EXERCISE INPUTS »
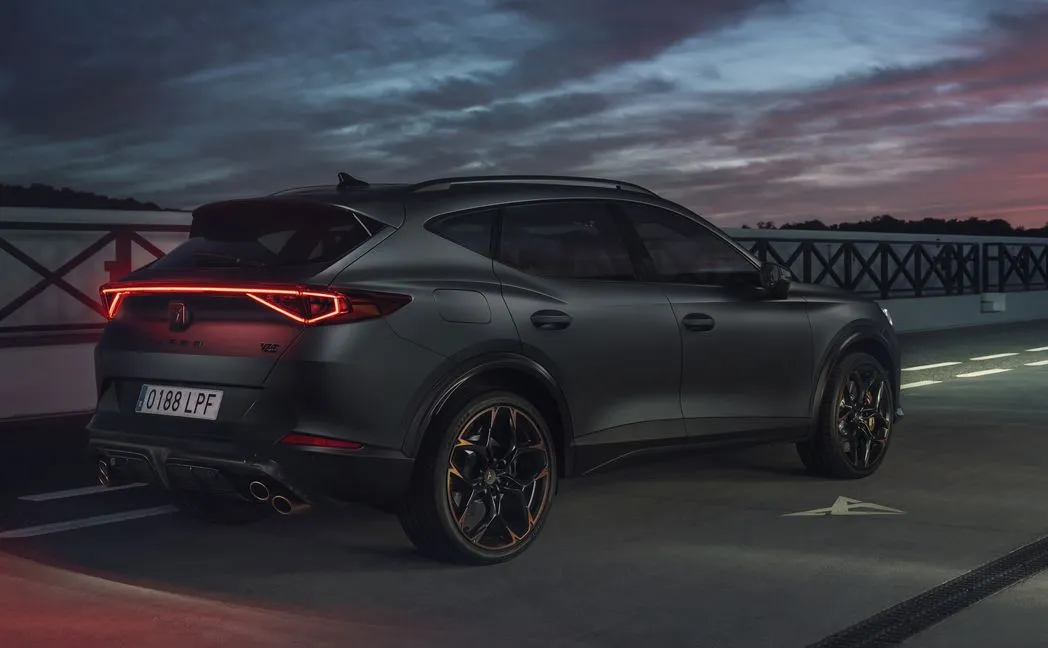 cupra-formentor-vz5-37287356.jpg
...
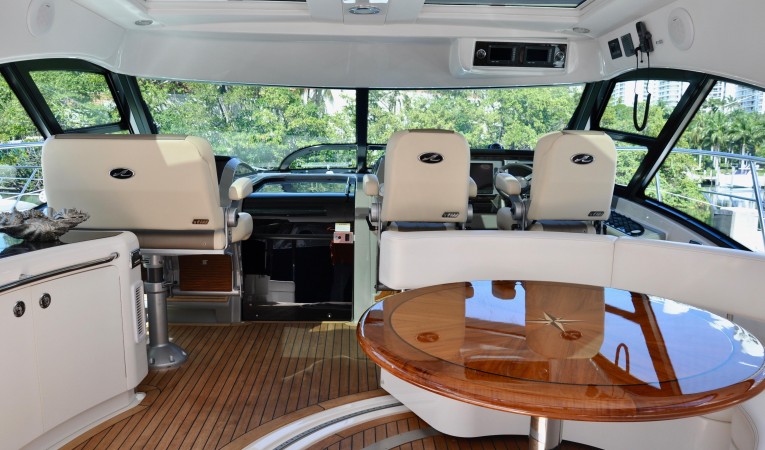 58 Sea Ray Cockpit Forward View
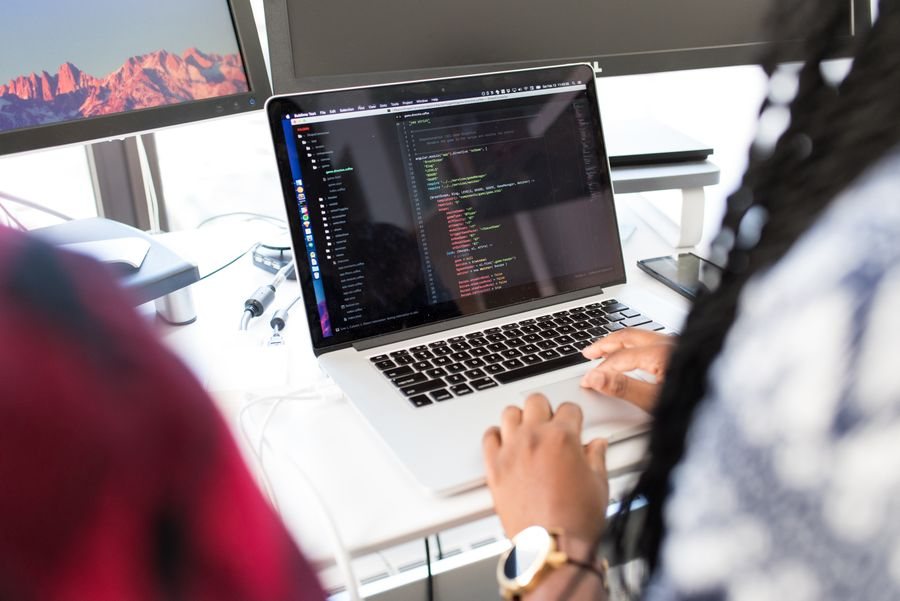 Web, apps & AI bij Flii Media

WHAT NEEDS TO BE DONE » Using the records above, return verbatim only the part that opens with the line containing "58 Sea Ray Cockpit Forward View" and closes with the line containing "Web, apps & AI bij Flii Media"; pictures stay out.

SOLUTION FOR THIS PROBLEM »
 58 Sea Ray Cockpit Forward View
 Web, apps & AI bij Flii Media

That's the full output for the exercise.